Early Neo-Impressionism

The history of Neo-Impressionism begins in Paris in May 1884 with the meeting of Georges Seurat and Paul Signac at the first exhibition of a group of independent artists (Indépendants) who opposed the official Salon and rejected the principle of an admission panel. There soon developed the Société des Artistes Indépendants, which became the public forum for the new Neo-Impressionist movement.

 

Despite profound differences in temperament and training, Seurat and Signac shared a taste for modernity and the ambition to innovate along with an intellectual rigour that led them to envisage a scientific approach to their art.
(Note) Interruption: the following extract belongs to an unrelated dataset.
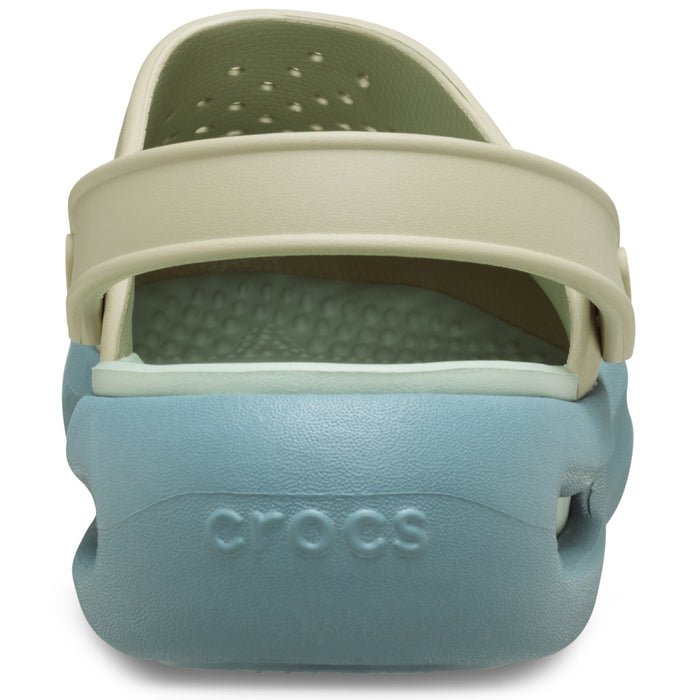 Image for SKU 209964-0LJ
Both were fascinated by the study of colour perception and the division of colours on the canvas in order to create new 'optical mixes' in the viewer's eye. Between 1884 and 1886 Seurat gradually adopted the method of optical mixing and began juxtaposing small strokes of pure colour on the canvas. He dazzled the art world in May 1886 at the eighth and last Impressionist exhibition with the unveiling of his monumental canvas, A Sunday on La Grande Jatte (Chicago, Art Institute), which elicited admiration and controversy in equal measure, and led the critic Félix Fénéon to dub his new manner of painting Neo-Impressionism. In 1887 Seurat sent seven paintings to the Cercle des XX (Circle of the 20), an exhibiting body established by progressive artists in Brussels, thereby inspiring a number of Belgian artists (Willy Finch, George Lemmen, Théo Van Rysselberghe) to begin painting in the Neo-Impressionist manner.